The new unemployment filings equate to almost 6 percent of Montana’s population.
State lawmakers on the Economic Affairs Interim Committee were briefed Thursday on the unprecedented labor situation amid the COVID-19 pandemic.
Brenda Nordlund is the Acting Commissioner of Labor & Industry.
"Prior to COVID-19, incoming claims and reactivations averaged approximately 557 per week," Nordlund says. "Between March 15, which was the Sunday following the emergency declaration, through April 3rd, the weekly average of incoming claims and reactivations rose to 17,640."
Nordlund was asked during the legislative committee how the state agency is preventing potential fraud. She said the agency has not changed its standards for judging unemployment claims and the agency will be accountable to both the executive and legislative branch of government.

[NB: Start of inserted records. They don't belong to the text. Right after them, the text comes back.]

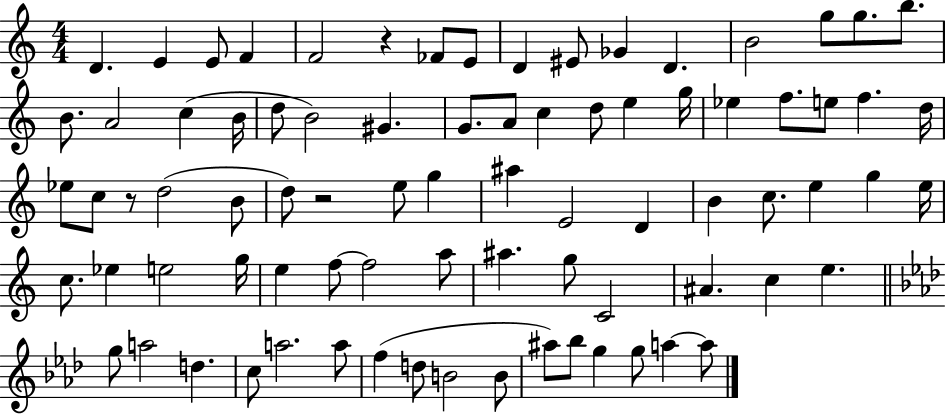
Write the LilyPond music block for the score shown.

{
  \clef treble
  \numericTimeSignature
  \time 4/4
  \key c \major
  d'4. e'4 e'8 f'4 | f'2 r4 fes'8 e'8 | d'4 eis'8 ges'4 d'4. | b'2 g''8 g''8. b''8. | \break b'8. a'2 c''4( b'16 | d''8 b'2) gis'4. | g'8. a'8 c''4 d''8 e''4 g''16 | ees''4 f''8. e''8 f''4. d''16 | \break ees''8 c''8 r8 d''2( b'8 | d''8) r2 e''8 g''4 | ais''4 e'2 d'4 | b'4 c''8. e''4 g''4 e''16 | \break c''8. ees''4 e''2 g''16 | e''4 f''8~~ f''2 a''8 | ais''4. g''8 c'2 | ais'4. c''4 e''4. | \break \bar "||" \break \key aes \major g''8 a''2 d''4. | c''8 a''2. a''8 | f''4( d''8 b'2 b'8 | ais''8) bes''8 g''4 g''8 a''4~~ a''8 | \break \bar "|."
} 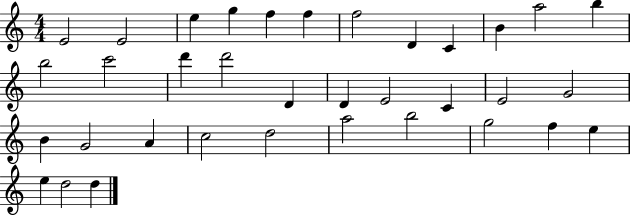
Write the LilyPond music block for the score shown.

{
  \clef treble
  \numericTimeSignature
  \time 4/4
  \key c \major
  e'2 e'2 | e''4 g''4 f''4 f''4 | f''2 d'4 c'4 | b'4 a''2 b''4 | \break b''2 c'''2 | d'''4 d'''2 d'4 | d'4 e'2 c'4 | e'2 g'2 | \break b'4 g'2 a'4 | c''2 d''2 | a''2 b''2 | g''2 f''4 e''4 | \break e''4 d''2 d''4 | \bar "|."
} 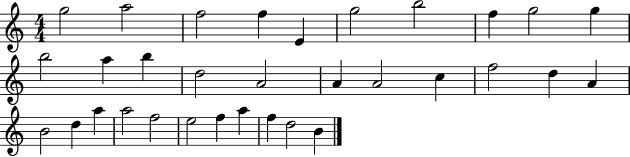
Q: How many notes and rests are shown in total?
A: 32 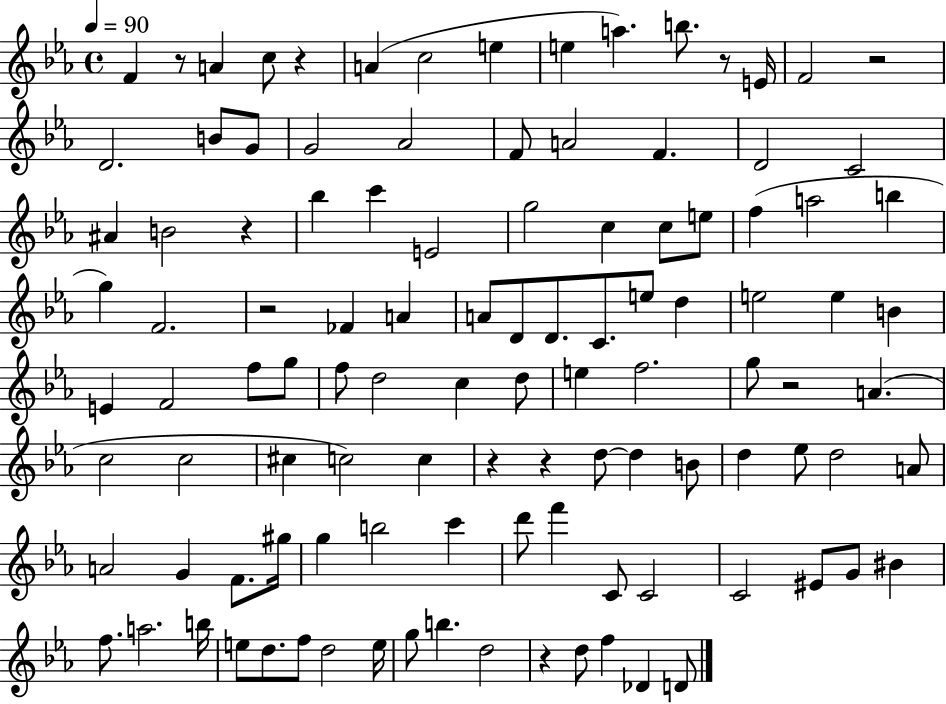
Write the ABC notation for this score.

X:1
T:Untitled
M:4/4
L:1/4
K:Eb
F z/2 A c/2 z A c2 e e a b/2 z/2 E/4 F2 z2 D2 B/2 G/2 G2 _A2 F/2 A2 F D2 C2 ^A B2 z _b c' E2 g2 c c/2 e/2 f a2 b g F2 z2 _F A A/2 D/2 D/2 C/2 e/2 d e2 e B E F2 f/2 g/2 f/2 d2 c d/2 e f2 g/2 z2 A c2 c2 ^c c2 c z z d/2 d B/2 d _e/2 d2 A/2 A2 G F/2 ^g/4 g b2 c' d'/2 f' C/2 C2 C2 ^E/2 G/2 ^B f/2 a2 b/4 e/2 d/2 f/2 d2 e/4 g/2 b d2 z d/2 f _D D/2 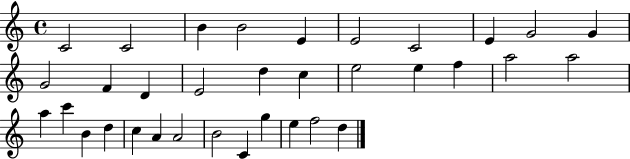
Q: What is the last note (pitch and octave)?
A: D5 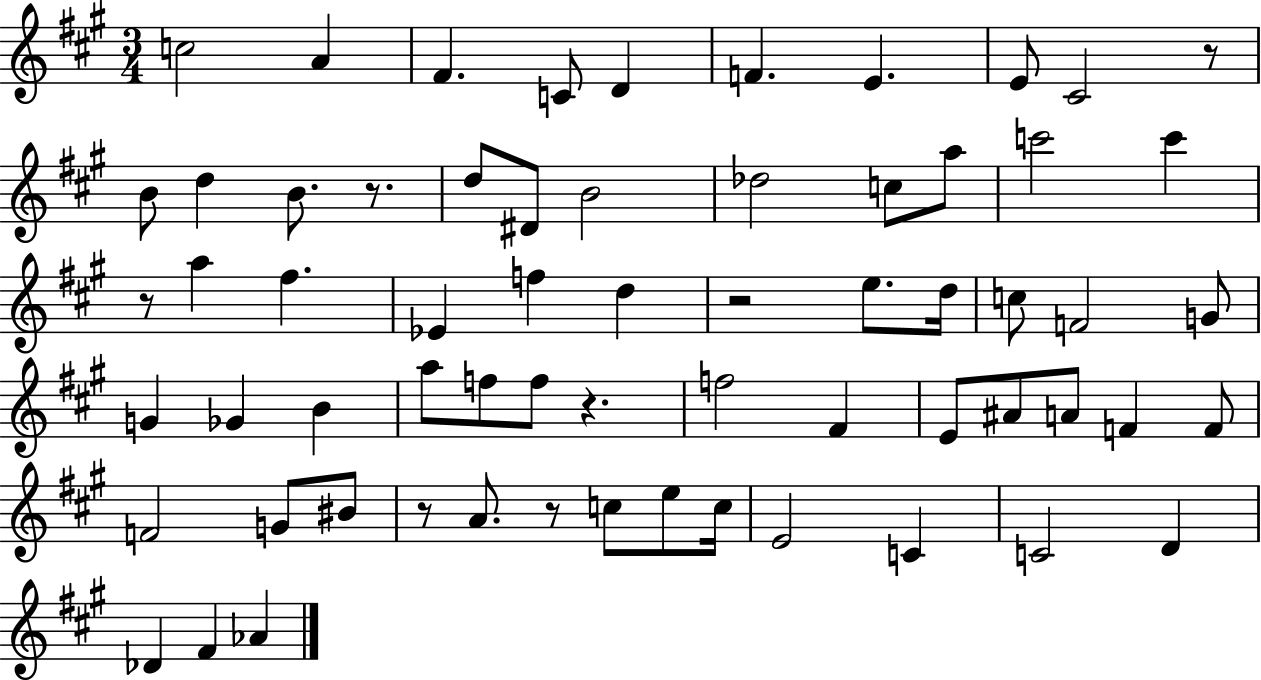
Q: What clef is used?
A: treble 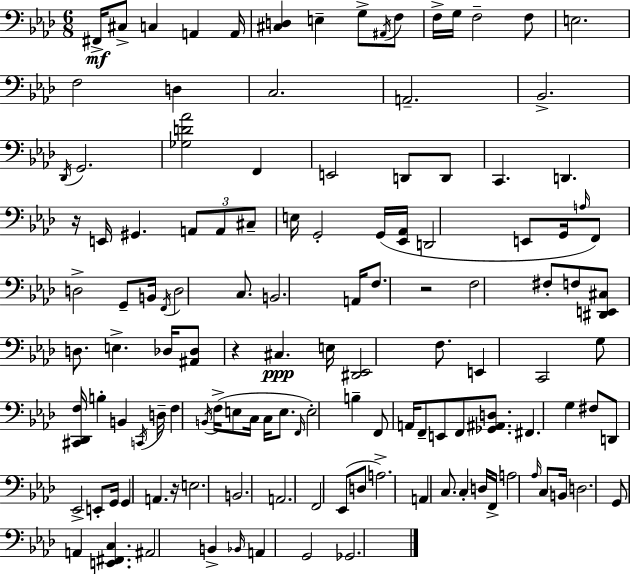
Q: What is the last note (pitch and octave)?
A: Gb2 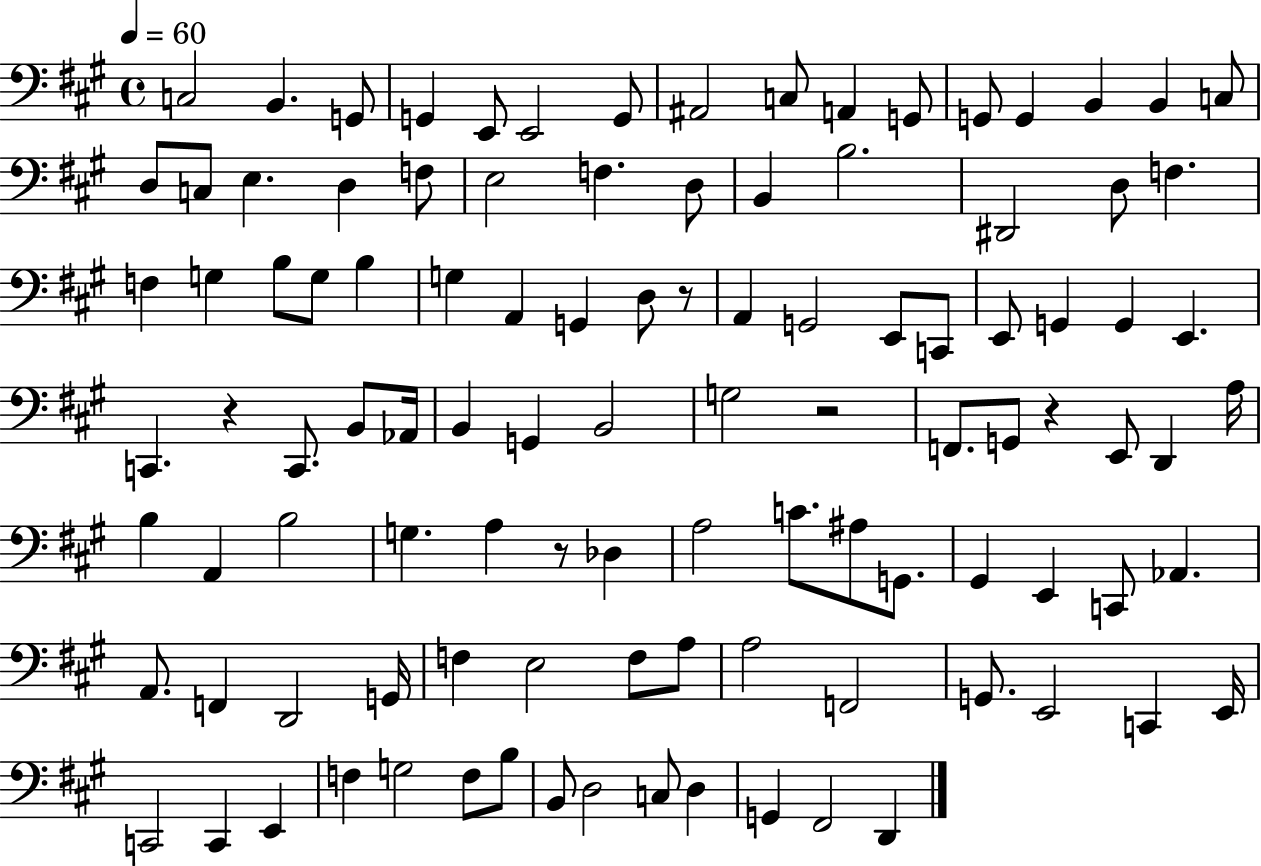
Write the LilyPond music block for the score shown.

{
  \clef bass
  \time 4/4
  \defaultTimeSignature
  \key a \major
  \tempo 4 = 60
  c2 b,4. g,8 | g,4 e,8 e,2 g,8 | ais,2 c8 a,4 g,8 | g,8 g,4 b,4 b,4 c8 | \break d8 c8 e4. d4 f8 | e2 f4. d8 | b,4 b2. | dis,2 d8 f4. | \break f4 g4 b8 g8 b4 | g4 a,4 g,4 d8 r8 | a,4 g,2 e,8 c,8 | e,8 g,4 g,4 e,4. | \break c,4. r4 c,8. b,8 aes,16 | b,4 g,4 b,2 | g2 r2 | f,8. g,8 r4 e,8 d,4 a16 | \break b4 a,4 b2 | g4. a4 r8 des4 | a2 c'8. ais8 g,8. | gis,4 e,4 c,8 aes,4. | \break a,8. f,4 d,2 g,16 | f4 e2 f8 a8 | a2 f,2 | g,8. e,2 c,4 e,16 | \break c,2 c,4 e,4 | f4 g2 f8 b8 | b,8 d2 c8 d4 | g,4 fis,2 d,4 | \break \bar "|."
}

"We have to take a look at every employee, or every requirement that makes someone eligible or ineligible, and we will be held accountable, not only to the executive branch of government, we will also be held accountable, of course, to the legislative branch."
Montana’s accommodations and food service industry is especially hard hit as dine-in restaurants and bars remain ordered to close. Nearly 10,000 workers in that sector filed for unemployment last month. Construction workers filed for benefits at the next highest rate in March with more than 4,000 claims. More than 3,000 claims for unemployment last month came from health care and social assistance workers.